空いている卓に菓子を置いたがどうも座っている2人の会話がギスギスしている。どうやら恋人の二股疑惑らしい。関係ないことだと思い離れると金髪の男がこちらの方向にある何かを見るなりすぐに彼女を連れてその場を離れようとした。その方向を見やると周りをキョロキョロと見ている茶髪の長い女子が居た。恐らくは二股疑惑の女子だろう。
「ギーシュさま、どちらに……」
「金髪の男ならあそこにいるぞ」
「あっ、ギーシュさま!」
「わっ、け、ケティ……!」
「探しておりましたわ、夕べ話していた手作りのスフレ、お茶会にと思いましたの」
「あっ、そ、それはいいね……」
明らかに男が動揺している。もはや疑惑でなく確定か。それに加え金髪の縦ロールの女子が夕べ……?と怪訝な顔をしている。何も知らないようだ。ギーシュという男が取り繕うももはや収集がつかない。ますます二人の女子の反応が悪くなる。
「あぁモンモランシー、その薔薇のような顔を怒りで歪ませないでおくれ!………と、とにかく、二人とも落ち着いて…」
「「嘘つき!!」」
勢いの良い平手打ち二発。取り巻きが笑ってるなか、ギーシュという男が公衆の面前で恥をかかされたからか、怒りの目でこちらを見てきた。逆恨みか。

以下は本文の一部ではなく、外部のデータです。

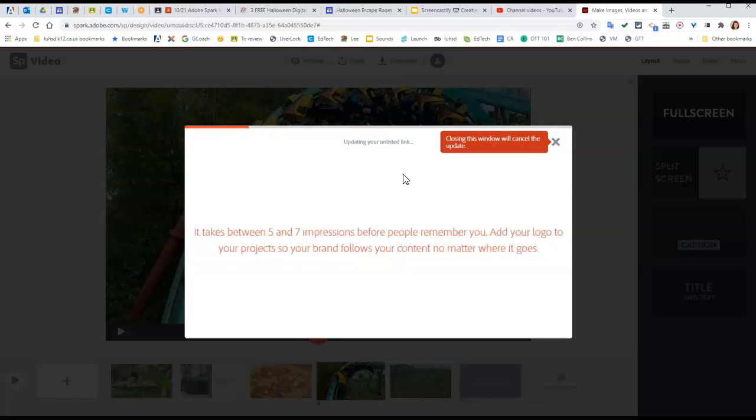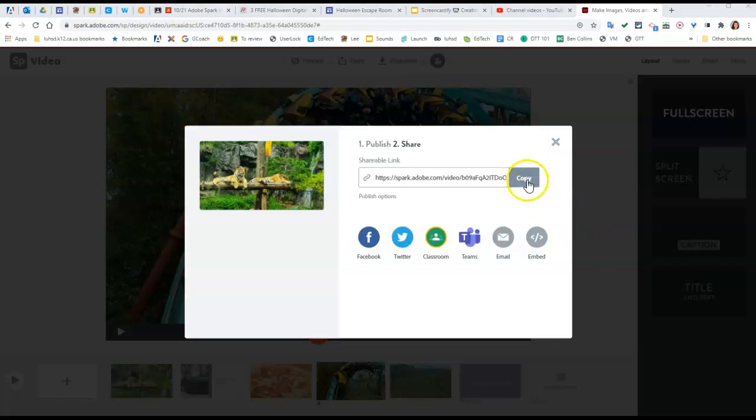But I would recommend when it's done recording to click that copy button again and paste it back into the private comments in Google Classroom just so I have the correct updated link.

「君が機転を利かせて時間を稼ぐことだってできたんじゃないか?」
「俺がそれをするほどの義理もなければ頼みも聞いていない。身から出た錆だ。二股なぞしなければいい」
「「そうだぞギーシュ!!お前が悪い!」」
「クッ……君は貴族に対する礼儀を知らないようだね」
「二股するものに礼儀もなにもあるまい」
「!!いいだろう……僕を侮辱し、2人のレディを怒らせた……決闘を申し込む!!場所はヴェストリオ広場で」
「はァ……いいだろう」
決闘がなされることが決まったようで野次馬の生徒たちは盛り上がっている。シエスタはどうしたものかと慌てている。シエスタに大丈夫だと言うがそれでも不安なようだ。それにズカズカこっちに向かってきている足音がある。見やるとルイズがいた。
「今すぐ謝りに行きなさい」
「来ていたのか」
「全部見てたわよ。悪いこと言わないから早く謝りにいきなさい!平民が貴族に勝てるわけないのよ、怪我で済めばいいほうなのよ!」
「……いい機会だ、俺の強さをみせてやる」
「って……あぁもう!」
律無き世界で初めての戦闘が行われようとしていた。
ダークソウル4とか未だに待ってる。ファランの大剣とか綻び刀とか輪の騎士の直剣とか自分の心に刺さりすぎた。